一流と二流を分ける能力「グリット」って?

世界の心理学者が長年追求してきた「人生で成功するのに最も重要なファクターは何か?」がついに研究で解明された!ビジネスリーダー、エリート学者、オリンピック選手……成功者の共通点は「才能」でも「IQ」でもなく、もうひとつの能力「グリット」だった――。これまでの能力観・教育観を180度くつがえし、世界的ベストセラーとなっている『やり抜く力 人生のあらゆる成功を決める「究極の能力」を身につける』から、その驚くべき内容を紹介する。

「生まれつきの才能」は重要ではなかった!

 子どものころから、「天才」という言葉を耳にタコができるほど聞いた。

 まるで口癖のように、父はいつも突然こう言った。

「いいか、おまえは天才じゃないんだぞ!」

 夕食の最中でも、家族でテレビを観ていても、CMになったとたんに、いきなりそんなことを言う。あるいは、ソファーにどかっと腰を下ろして、「ウォール・ストリート・ジャーナル」を広げながら、ぴしゃりとひと言。

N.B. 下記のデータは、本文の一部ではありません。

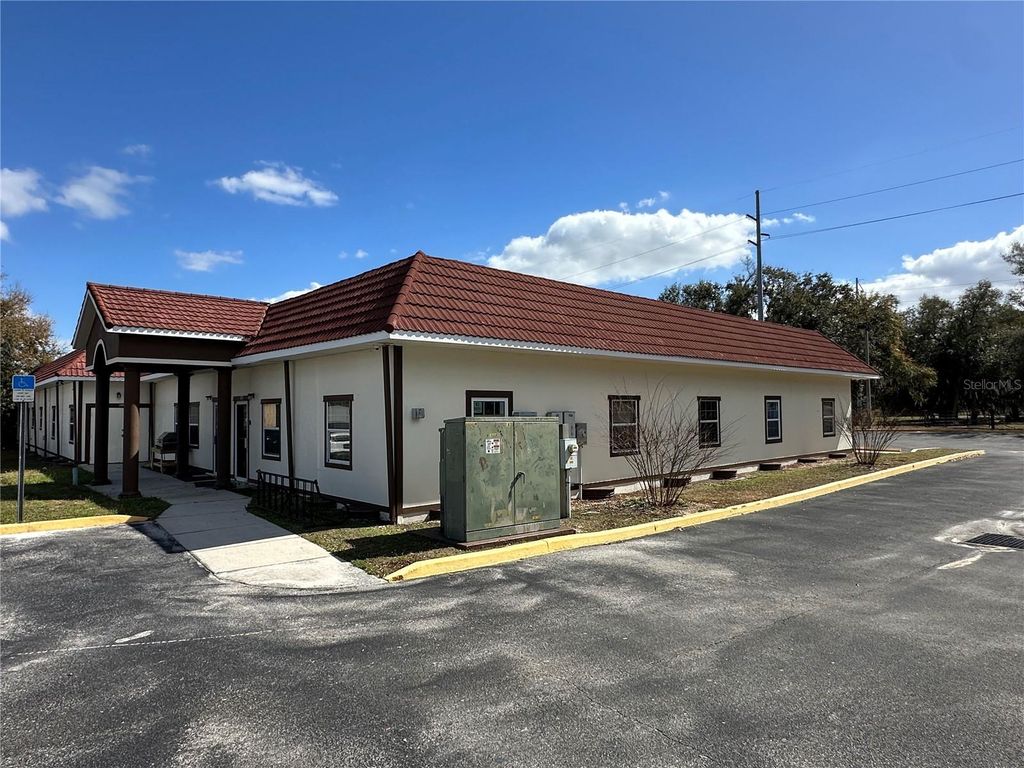 Photo of 401 E North Boulevard, Leesburg, FL 34748 (MLS # G5108765)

 そんなとき自分がどういう態度を取ったのか、よく覚えていない。たぶん、聞こえないふりでもしたのだろう。

 父は「非凡な才能」や「生まれ持った能力」にやたらとこだわる人で、つねに他人の能力を品定めしていた。そして、自分の知性がどれだけ優れているか、わが子の頭脳がどれだけ優れているかについても、並々ならぬ関心を抱いていた。

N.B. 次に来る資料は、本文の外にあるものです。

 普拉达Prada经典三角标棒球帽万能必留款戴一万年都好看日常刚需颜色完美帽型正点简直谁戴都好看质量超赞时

 そんな父の頭痛の種は、私だけではなかった。弟も、妹も、天才児とは思えなかったからだ。三人のうちひとりとして、父のお眼鏡にかなうようなアインシュタイン並みの頭脳に恵まれた子はいなかった。父はそのことにひどく失望していた。そして、凡庸なわが子はいずれも大成しないのではないか、と悩んでいた。